Lines outside the range are not wanted. Give again exactly the lines between the line holding "Next, we will" and the line holding "A digital transfer", inclusive, from the listing below.

• [Data shown]
· · ·

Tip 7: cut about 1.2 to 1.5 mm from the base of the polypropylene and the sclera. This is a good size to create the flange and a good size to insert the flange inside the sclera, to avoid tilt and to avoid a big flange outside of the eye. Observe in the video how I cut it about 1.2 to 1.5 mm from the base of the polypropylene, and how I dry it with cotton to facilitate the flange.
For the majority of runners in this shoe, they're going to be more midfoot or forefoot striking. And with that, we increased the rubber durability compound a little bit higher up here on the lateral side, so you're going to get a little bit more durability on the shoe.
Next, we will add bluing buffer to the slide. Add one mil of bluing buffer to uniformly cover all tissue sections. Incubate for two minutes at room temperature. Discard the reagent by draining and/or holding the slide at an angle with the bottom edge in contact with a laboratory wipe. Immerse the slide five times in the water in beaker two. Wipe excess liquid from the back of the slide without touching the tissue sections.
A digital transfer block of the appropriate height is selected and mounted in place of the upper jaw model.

· · ·

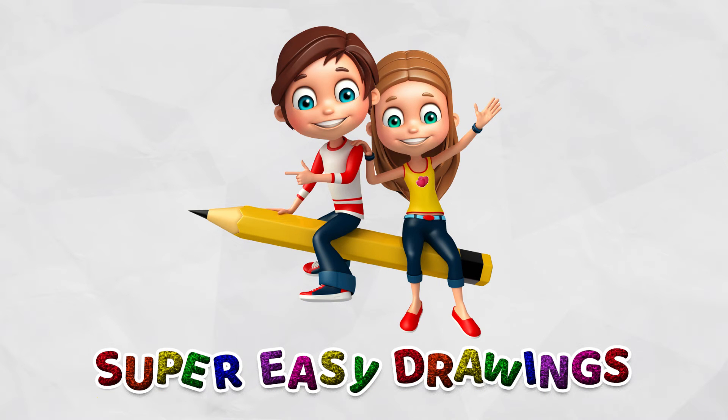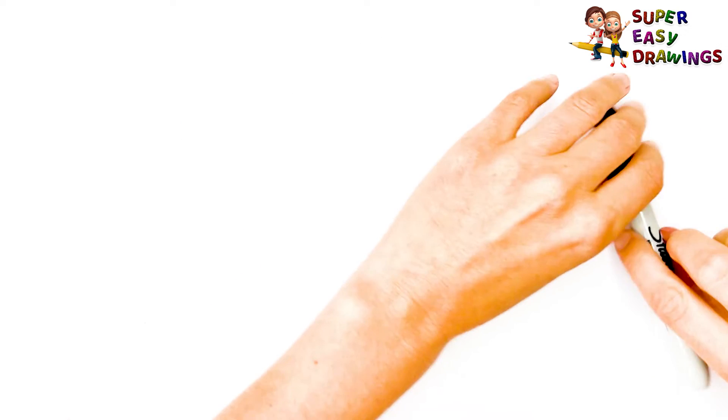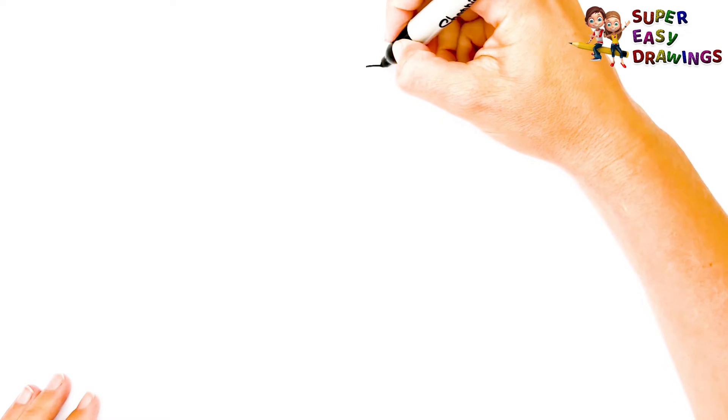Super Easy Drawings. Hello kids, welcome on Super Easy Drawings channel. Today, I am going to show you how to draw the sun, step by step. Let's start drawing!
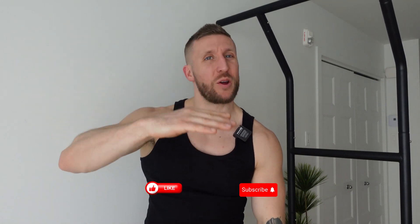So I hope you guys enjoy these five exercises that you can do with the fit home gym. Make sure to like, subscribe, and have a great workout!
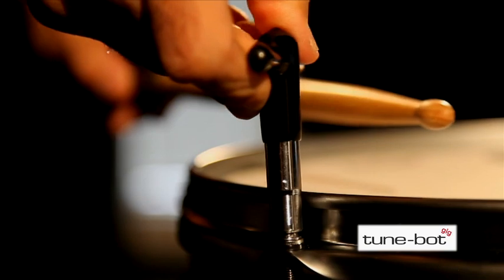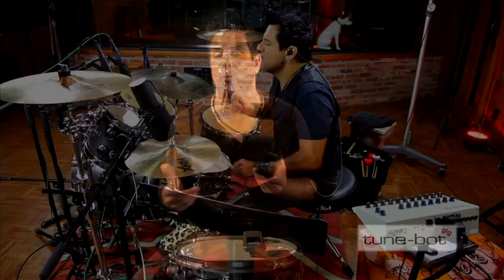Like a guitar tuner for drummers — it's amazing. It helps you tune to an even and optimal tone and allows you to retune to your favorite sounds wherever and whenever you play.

· · ·

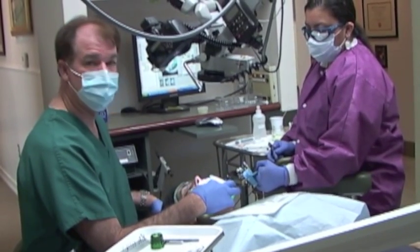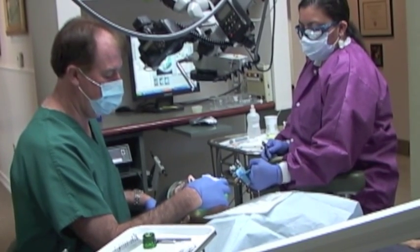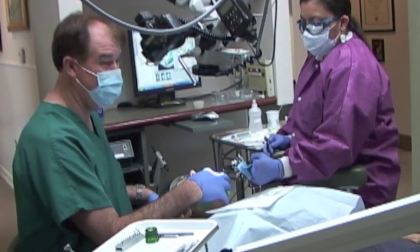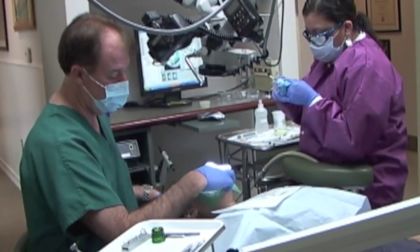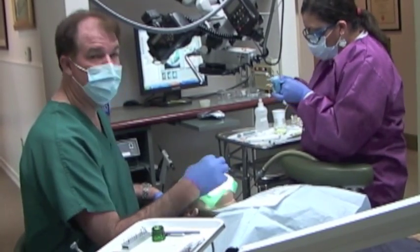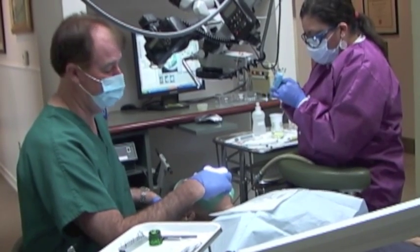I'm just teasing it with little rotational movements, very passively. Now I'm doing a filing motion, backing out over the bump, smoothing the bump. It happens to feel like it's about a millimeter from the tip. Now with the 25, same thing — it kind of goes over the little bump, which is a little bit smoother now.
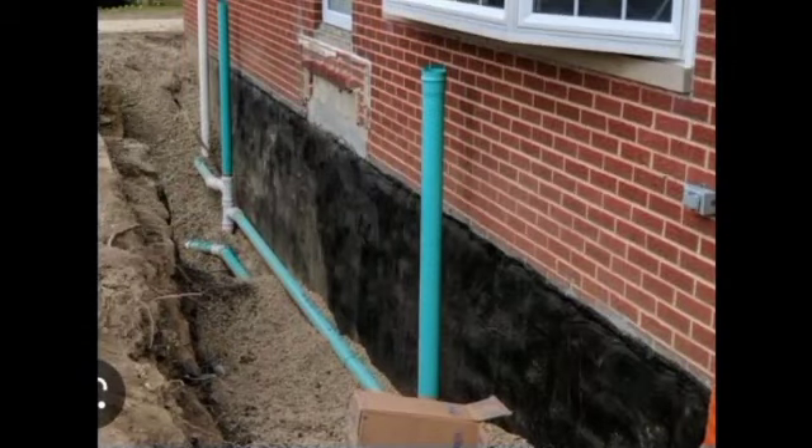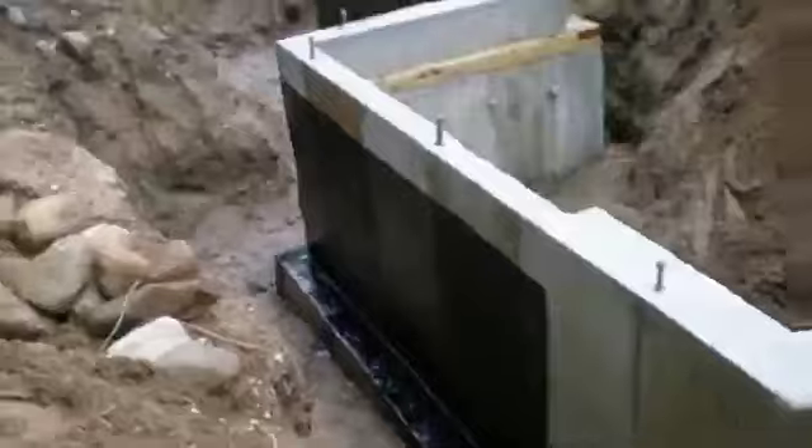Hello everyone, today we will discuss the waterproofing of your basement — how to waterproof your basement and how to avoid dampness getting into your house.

· · ·

• [Task output]
Next, we will add bluing buffer to the slide. Add one mil of bluing buffer to uniformly cover all tissue sections. Incubate for two minutes at room temperature. Discard the reagent by draining and/or holding the slide at an angle with the bottom edge in contact with a laboratory wipe. Immerse the slide five times in the water in beaker two. Wipe excess liquid from the back of the slide without touching the tissue sections.
A digital transfer block of the appropriate height is selected and mounted in place of the upper jaw model.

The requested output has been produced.